Sächsische Zeitung, 12.06.2001
CDU grübelt über "verheerenden" Erfolg
Unterschiedliche Bewertung der Wahlergebnisse
Dresden.Feiern oder Wunden lecken? Am Tag nach den Kommunalwahlen wollten sich führende Politiker der sächsischen Union partout nicht festlegen. Das ist ungewöhnlich und sagt mehr als tausend Worte. Nur Parteichef Fritz Hähle schlug demonstrativ positive Töne an. Hähle bemühte die Statistik sowie die Erfahrung, dass nach elf Jahren "einige Abstriche ganz normal sind". Ansonsten verwies er darauf, dass die CDU auch auf kommunaler Ebene eindeutig stärkste Kraft bleibt und weitere Siege bei den Neuwahlen nicht unmöglich sind - die Landeshauptstadt inklusive. "Polen ist noch nicht verloren", so der Landeschef.
Attestiert wurde er dabei von Ministerpräsident Kurt Biedenkopf, der eigens ein Sieben-Punkte-Fazit zur Kommunalwahl verfasste. Tenor: Die CDU liegt weiter vorn und für PDS und SPD war die Wahl ein Desaster, weil selbst die FDP mehr Bürgermeister stellt als die beiden Parteien zusammen. Die CDU hätte zudem dort die besten Ergebnisse erzielt, wo es in der Partei "keinen Streit gab". Das Zwischenergebnis in Dresden ist schmerzlich, aber reparabel, so die Botschaft ans Parteivolk. Dort will man in den Jubel nicht so recht einstimmen. Zunächst hatten der CDU-Bundestagsabgeordnete Arnold Vaatz und vor allem die Dresdner CDU kritisiert, dass Biedenkopfs Affären die Partei möglicherweise Stimmen gekostet haben. Gestern gab es neue Einwände. "Wenn wir auch in Dresden und Zwickau scheitern, haben wir endgültig alle sieben kreisfreien Städte verloren. Das ist doch verheerend und kein Erfolg", hielt ein einflussreiches Mitglied des CDU-Landesvorstandes den offiziellen Verlautbarungen entgegen.

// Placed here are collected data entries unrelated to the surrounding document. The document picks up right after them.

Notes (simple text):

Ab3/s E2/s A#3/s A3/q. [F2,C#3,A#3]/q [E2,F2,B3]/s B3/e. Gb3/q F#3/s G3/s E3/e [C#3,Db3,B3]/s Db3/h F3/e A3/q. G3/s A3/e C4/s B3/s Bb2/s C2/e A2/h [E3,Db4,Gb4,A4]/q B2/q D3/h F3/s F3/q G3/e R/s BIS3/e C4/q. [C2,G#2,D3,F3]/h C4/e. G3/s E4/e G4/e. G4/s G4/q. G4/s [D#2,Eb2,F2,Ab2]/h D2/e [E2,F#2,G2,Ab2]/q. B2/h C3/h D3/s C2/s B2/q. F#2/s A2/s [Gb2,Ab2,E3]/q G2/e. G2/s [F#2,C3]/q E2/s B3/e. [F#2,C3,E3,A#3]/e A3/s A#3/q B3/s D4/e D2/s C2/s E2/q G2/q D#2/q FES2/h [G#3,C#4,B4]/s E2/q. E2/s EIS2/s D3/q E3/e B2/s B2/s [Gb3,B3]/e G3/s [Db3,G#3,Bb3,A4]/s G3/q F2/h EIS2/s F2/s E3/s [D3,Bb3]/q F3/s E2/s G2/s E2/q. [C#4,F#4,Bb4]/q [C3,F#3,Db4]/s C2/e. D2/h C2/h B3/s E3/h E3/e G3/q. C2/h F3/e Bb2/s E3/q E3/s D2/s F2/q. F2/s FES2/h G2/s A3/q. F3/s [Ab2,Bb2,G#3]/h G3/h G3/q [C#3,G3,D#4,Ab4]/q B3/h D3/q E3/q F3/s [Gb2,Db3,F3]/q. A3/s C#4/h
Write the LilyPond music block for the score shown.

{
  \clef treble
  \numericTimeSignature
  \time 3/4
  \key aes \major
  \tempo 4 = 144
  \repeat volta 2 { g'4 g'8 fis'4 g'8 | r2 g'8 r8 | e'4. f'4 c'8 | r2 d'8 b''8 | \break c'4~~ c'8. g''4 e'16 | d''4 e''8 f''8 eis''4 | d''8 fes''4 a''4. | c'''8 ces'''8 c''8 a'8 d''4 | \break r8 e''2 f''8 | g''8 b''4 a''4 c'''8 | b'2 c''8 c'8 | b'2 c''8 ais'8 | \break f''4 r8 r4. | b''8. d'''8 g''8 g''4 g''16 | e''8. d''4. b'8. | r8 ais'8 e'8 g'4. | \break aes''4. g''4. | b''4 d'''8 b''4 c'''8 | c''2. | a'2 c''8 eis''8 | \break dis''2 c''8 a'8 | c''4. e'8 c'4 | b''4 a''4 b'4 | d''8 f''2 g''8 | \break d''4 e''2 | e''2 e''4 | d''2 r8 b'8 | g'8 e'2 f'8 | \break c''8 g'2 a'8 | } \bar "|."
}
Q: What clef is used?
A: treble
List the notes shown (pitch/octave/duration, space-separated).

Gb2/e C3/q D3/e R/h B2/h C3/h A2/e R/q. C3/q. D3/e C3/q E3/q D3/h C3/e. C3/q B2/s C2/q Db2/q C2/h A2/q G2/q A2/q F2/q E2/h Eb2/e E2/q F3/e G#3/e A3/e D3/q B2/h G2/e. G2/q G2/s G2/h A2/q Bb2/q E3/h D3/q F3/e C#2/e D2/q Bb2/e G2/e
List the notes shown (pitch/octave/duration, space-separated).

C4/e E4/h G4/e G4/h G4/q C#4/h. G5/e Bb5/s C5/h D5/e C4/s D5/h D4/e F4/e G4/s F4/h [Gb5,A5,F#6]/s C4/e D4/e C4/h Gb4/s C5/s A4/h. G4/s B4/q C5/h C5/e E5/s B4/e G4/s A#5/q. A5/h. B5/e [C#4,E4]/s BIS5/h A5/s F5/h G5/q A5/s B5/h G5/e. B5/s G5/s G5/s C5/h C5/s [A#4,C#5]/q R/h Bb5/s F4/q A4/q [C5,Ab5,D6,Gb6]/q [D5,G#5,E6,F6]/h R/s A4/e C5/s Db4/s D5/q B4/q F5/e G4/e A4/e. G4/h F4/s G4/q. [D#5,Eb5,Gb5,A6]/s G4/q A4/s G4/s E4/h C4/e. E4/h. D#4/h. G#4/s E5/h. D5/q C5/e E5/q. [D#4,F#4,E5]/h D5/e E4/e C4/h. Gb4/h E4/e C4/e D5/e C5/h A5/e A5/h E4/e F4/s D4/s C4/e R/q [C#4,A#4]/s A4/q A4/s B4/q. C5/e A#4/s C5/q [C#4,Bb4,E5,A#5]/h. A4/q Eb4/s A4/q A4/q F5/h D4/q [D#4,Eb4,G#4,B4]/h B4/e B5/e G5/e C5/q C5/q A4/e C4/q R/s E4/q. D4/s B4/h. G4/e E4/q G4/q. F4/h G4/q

Für viele in der sächsischen CDU verharrt die Partei nach Monaten voller Negativ-Schlagzeilen immer noch am Scheideweg. Die Kommunalwahlen haben sich bisher nicht als ersehnter und gleichzeitig gefürchteter Befreiungsschlag erwiesen. Das Führungsproblem über den künftigen Parteivorsitz und den Biedenkopf-Nachfolger bleibt weiter ungeklärt. Misstrauisch registrieren Anhänger von Ex-Finanzminister Milbradt, dass der angeschlagene Ministerpräsident wieder mehr nach den Zügeln greift. Nach der zügigen Bezahlung der offenen Forderungen aus den Gästehaus-Affäre hat Biedenkopf für heute die CDU-Kreisvorsitzenden nach Dresden zum Essen eingeladen. Erwartet wird, dass der Regierungschef dann für seine neue Einigkeit wirbt. Schritt für Schritt könnte er sich so aus dem Affärensog bringen und künftig wieder maßgeblich bei Personalfragen mitreden. Die Partei muss nun am Sonnabend entscheiden, ob sie den neuen Schmusekurs des Premiers akzeptiert oder auf die eigene Entscheidungsfreiheit besteht. Dann soll im Landesvorstand beraten werden, wie die Biedenkopf-Nachfolge in Zukunft entschieden werden soll. Zwar haben alle Lager erklärt, mit eigenen Vorstellungen in diese Diskussion zu gehen, doch wie hart man sie verteidigen wird, ist fraglich. Eine Mehrheit der Kreisverbände wählte am Wochenende gegenüber Biedenkopf jedenfalls die sanfte Tour: Ein kritisches Papier zur aktuellen Lage in Sachsen wurde an wichtigen Stellen entschärft.